Il va faire un excellent préambule à la lecture de l’Afrique fantôme de Michel Leiris que je me suis programmé prochainement. Ouvert en grand.
Monique L 
Malgré mes essais répétés je n’ai pas dépassé la moitié du livre.
Je ne suis pas contre les légendes, les grigris, etc., même si je ne comprends souvent pas tout, mais dans ce livre l’accumulation des grigris et autres sortilèges pour sortir de situations compliquées voir désespérées n’est pas passé.
Je n’ai pas compris le cheminement dans la brousse et surtout dans les divers imaginaires. Cela m’est apparu comme l’accumulation d’anecdotes sans cheminement construit. J’ai été surprise par toutes les précisions sur les dimensions (ce n’est qu’un détail mais surprenant pour de la littérature...)
Lors de mes voyages en Afrique, j’ai eu l’occasion d’être confrontée à des mythes difficiles à intégrer comme chez les Dogons mais là tout reste confus et anecdotiques.
Je crois que c’est la première fois que cela m’arrive, mais je ferme.
Brigitte T 
Sous le charme du Père-des-Dieux-Qui-Peut-Tout-Faire-En-Ce-Monde, je me suis transportée au Nigéria, assise au pied d'un arbre dans une palmeraie. J'écoute, je rencontre rire, j'ai peur, je suis soulagée par la fin de l'histoire. Un rêve...
La sorcellerie, les grigris, les êtres maléfiques, "méchants, cruels et sans pitié", voire des personnages ubuesques dans une brousse hostile, le démon et même l'enfer surgissent et ressurgissent au son de Tambour, de Chant, au rythme de Danse. La brousse colorée de rouge, de blanc... Mais la Mort ne triomphe pas, elle est vendue, la Peur est reprise avec intérêt à l'emprunteur... je ris, je souris, je me laisse porter par mon Imaginaire (le nom de la collection de l'éditeur !). Se dressent des tableaux pittoresques.
Il a des valeurs ce héros : il ne quitte pas sa femme, la protège, vient en aide aux affamés, défend les plus faibles.
Le style m'a parfois surprise avec cette précision répétitive des chiffres (taille, distance, prix, heure), le temps des verbes qui change dans une même phrase, l'écriture, ou la traduction ; par exemple : "foutballe". Ce n'est pas dérangeant, au contraire, je suis vraiment avec un vrai Africain et j'adore.... J'ai un beau-frère africain, excellent orateur qui raconte et invente des histoires magiques en y mêlant chant et danse pour notre grand plaisir:)

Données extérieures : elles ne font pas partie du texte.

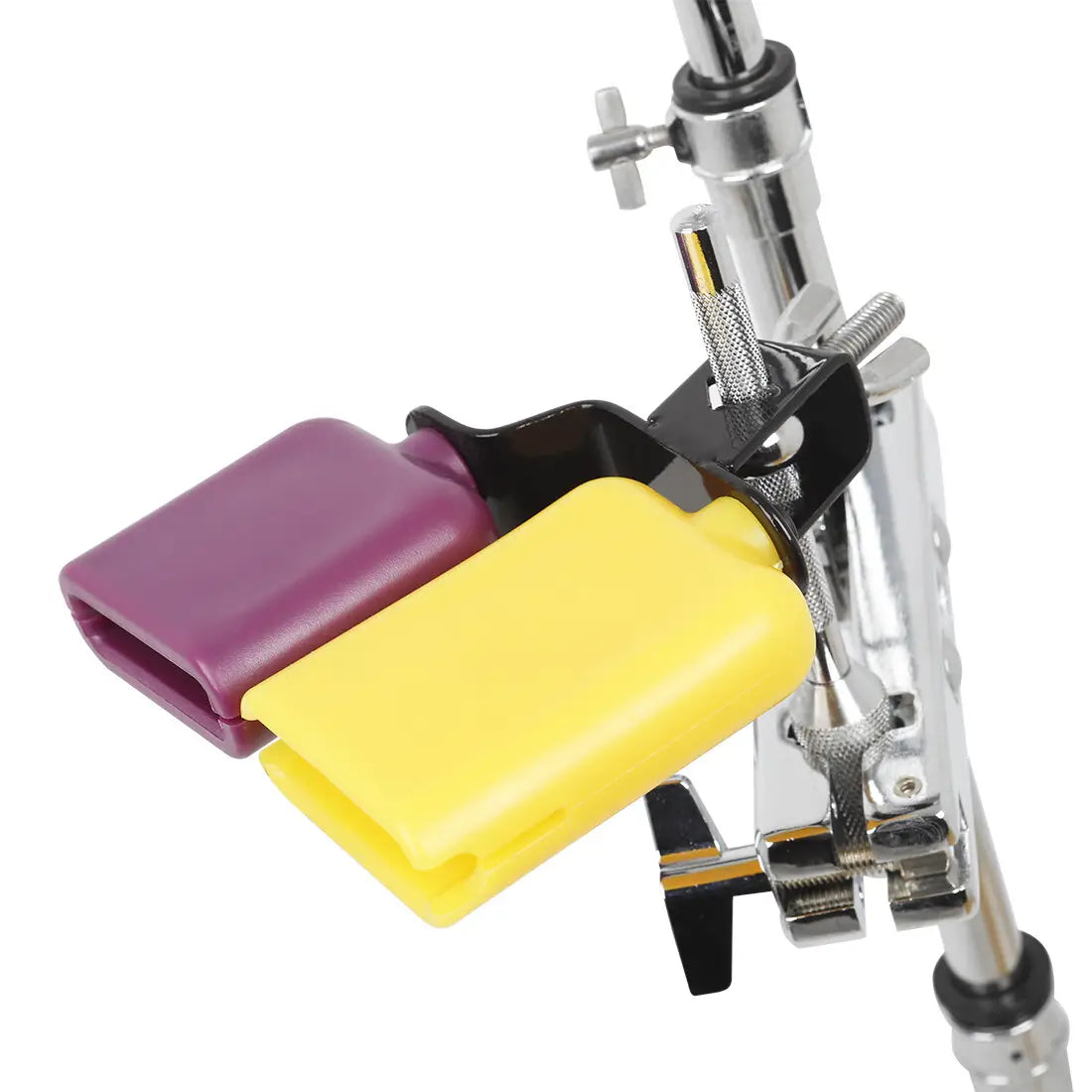 IRIN Double Sambago Bell Latin Music Yellow Purple Cowbell High Low Sound Knocker Drum Percussion Instrument Part Accessories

N'oublions pas le titre, "L'ivrogne dans la brousse", livre écrit en 1952. Alors que le personnage est sevré involontairement de l'alcool de palme, n'est-il pas en manque et ne nous fait-il pas partager son délire et ses angoisses ? Le Nigéria est encore une colonie britannique et ce, jusqu'en 1960 ; la lèpre sévit, sécheresse et famine sont le quotidien de la lutte des plus résistants. On peut faire un lien entre les faits socio-culturels et certaines aventures du narrateur.
Ouvert en grand.

Nathalie
L’ivrogne dans la brousse m’est tombé des mains.

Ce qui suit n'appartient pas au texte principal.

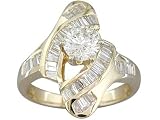 EGL CERTFIED H COLOR ROUND 1.44CT DIAMOND ENGAGEMENT RING YELLOW GOLD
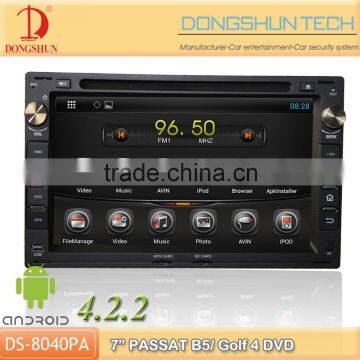 7" VW PASSAT B5 pure android 4.2.2 car DVD GPS with WIFI/3G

Trop mal écrit dans le style.
Je n’ai pas si tout eu envie de poursuivre et en plus c’était une traduction. Ça m’a achevée !

Edith
J’ai laissé le Amos Tutuola… : barbant et trop échevelé pour moi... Une lecture à voix haute serait peut-être plus agréable.
Catherine 
L’ivrogne dans la brousse m’a bien divertie ; ça change du précédent. Ça m’a rappelé les contes et légendes que je lisais dans mon enfance. C’est un monde étrange plein de gris-gris, de dangers, d’êtres improbables qui se transforment. Le personnage central est assez divertissant, à la recherche de son vin de palme et de son malafoutier. J’ai bien aimé l’homme complet si beau, qui rend ses membres les uns après les autres, pour finir en crâne, la ville des morts, l’idée de vendre sa mort et de louer sa peur, de transformer sa femme en caillou pour la mettre dans sa poche... Par moments, c’est trop répétitif, je me suis lassée un peu en cours de lecture.

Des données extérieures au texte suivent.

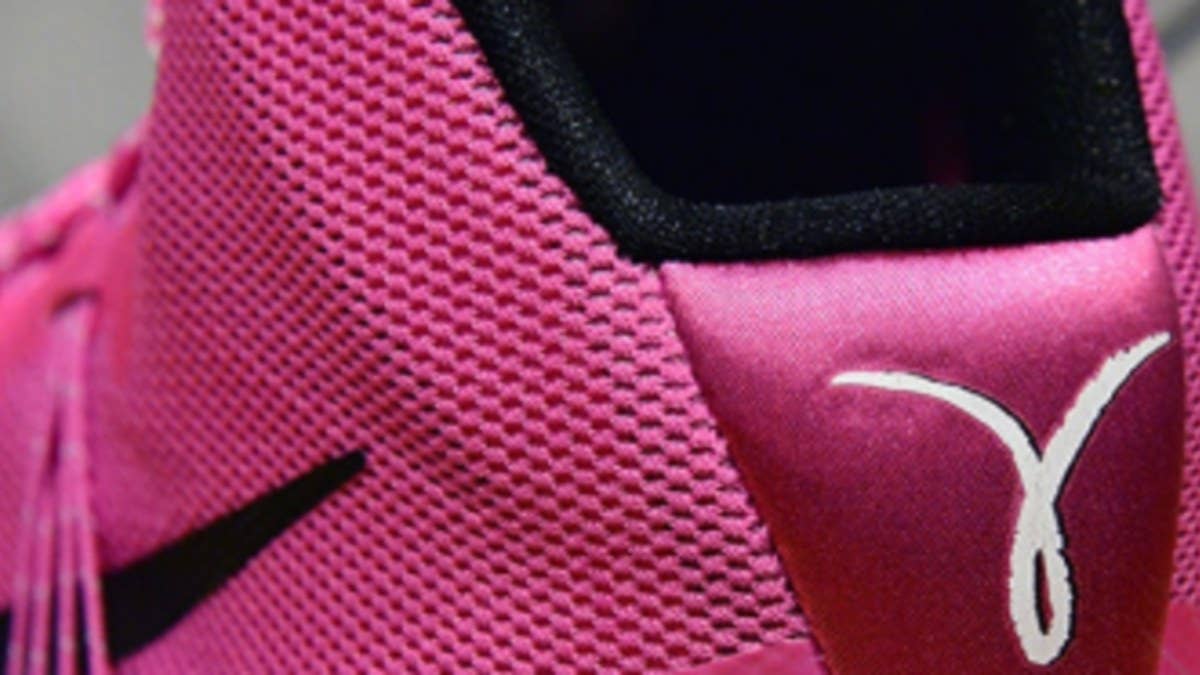 As part of its ongoing partnership with the Kay Yow Cancer Fund, Nike Basketball drops the pink-based "Breast Cancer Awareness" colorways of the all-new Hyperdunk 2013.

Mais au final, un plaisir de lecture. Je l’ouvre aux ¾.
Bonne soirée, faites bien attention de ne pas abuser du vin de palme...
Fanny(quelques semaines plus tard)
Je viens enfin de terminer l'ivrogne dans la brousse. Mon expérience de lecture a été toute en contrastes. J'ai aimé le côté fable des aventures du personnage principal et de sa femme. J'y ai trouvé un côté décalé avec un mélange de naïveté et de sagesse, cela m'a fait penser aux courtes histoires de Nasredine.
En revanche, le style a beaucoup entaché mon plaisir de lecture, le récit détaillé et répétitif, avec les parenthèses qui répètent qui fait l'action, m'a ennuyée.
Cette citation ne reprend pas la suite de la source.